DataCite Metadata Schema 4.1

📘

PDF is the version of record

The official home for the DataCite Metadata Schema is at https://schema.datacite.org, and the PDFs of the schema documentation found there are the versions of record. These pages on our support site are provided as a convenience. We try to duplicate the PDF as much as possible, but the PDF is the official version.

Citation for the PDF version: DataCite Metadata Working Group. (2017). DataCite Metadata Schema Documentation for the Publication and Citation of Research Data. Version 4.1. DataCite e.V. http://doi.org/10.5438/0014.

The DataCite Consortium

Scholarly research is producing ever-increasing amounts of digital research data, and it depends on data to verify research findings, create new research, and share findings. In this context, what has been missing until recently, is a persistent approach to access, identification, sharing, and re-use of datasets. To address this need, the DataCite international consortium was founded in late 2009 with these three fundamental goals:

  • establish easier access to scientific research data on the Internet,
  • increase acceptance of research data as legitimate, citable contributions to the scientific record, and
  • support data archiving that will permit results to be verified and re-purposed for future study.

Since its founding in 2009, DataCite has grown and now spans the globe from Europe and North America to Asia and Australia. The aim of DataCite is to provide domain agnostic services to benefit scholars in a wide range of disciplines.

Key to DataCite service is the concept of a long-term or persistent identifier. A persistent identifier is an association between a character string and a resource. Resources can be files, parts of files, persons, organisations, abstractions, etc. DataCite uses Digital Object Identifiers (DOIs). DOIs are administered by the International DOI Foundation.

DataCite Community Participation

The Metadata Working Group would like to acknowledge the contributions to our work of many colleagues in our institutions who provided assistance of all kinds. Their help has been greatly appreciated. In addition, we are indebted to numerous individuals and organisations in the broader scholarly community who have taken an interest in this work. Because data citation and data management are evolving areas of concern, we look forward to continued interest. With this in mind, the Working Group provides an interactive discussion mechanism for DataCite members and clients to discuss the DataCite Metadata Schema and issues connected with metadata submitted to DataCite, as appropriate. Join the discussion at [https://schema.datacite.org].

The Metadata Schema

The DataCite Metadata Schema is a list of core metadata properties chosen for an accurate and consistent identification of a resource for citation and retrieval purposes, along with recommended use instructions. The resource that is being identified can be of any kind, but it is typically a dataset. We use the term ‘dataset’ in its broadest sense. We mean it to include not only numerical data, but any other research objects in keeping with DataCite's mission. The metadata schema properties are presented and described in detail in Properties Overview.

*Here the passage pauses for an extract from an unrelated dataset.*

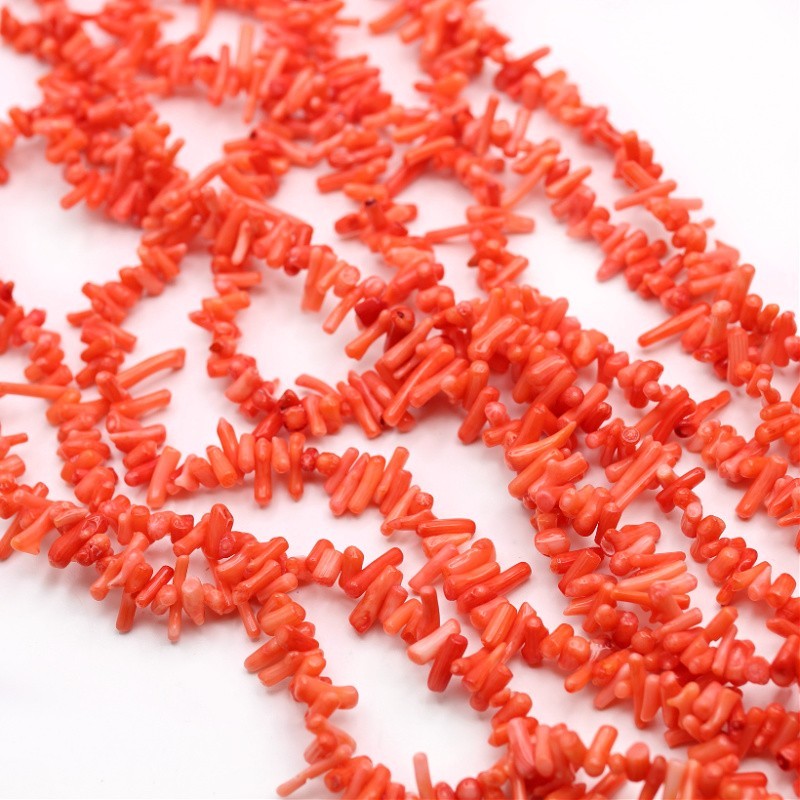 Orange coral/ chaff 10-15mm/ string 37cm/ KAKC75B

If this release of the metadata schema has a theme, it is support for software citation. The Working Group undertook this in response to increasing interest within the community, including the publication of the Force11 Software Citation Principles(1) as well as a set of guidelines(2) prepared by the UK Science and Technology Facilities Council for working with the DataCite schema. As we reviewed schema version 4.0, we found that very few actual schema changes were required, but substantial modifications needed to be made to the documentation to assist those registering DOIs for software. While the DataCite metadata schema now supports software registration, and provides properties to include version information for items being registered, it is not to be used as a version control or source code control system. There are many tools widely available that are ideally suited for that purpose. Instead, DataCite facilitates software discovery, sharing and citation.

A complete list of all changes in support of software citation is available as a special reference in Version 4.1 Changes in Support of Software Citation. In addition, we are providing a mapping of the Force11 Software Citation Principles’ metadata requirements to DataCite’s metadata schema. This is available as FORCE11 Software Citation Principles Mapping.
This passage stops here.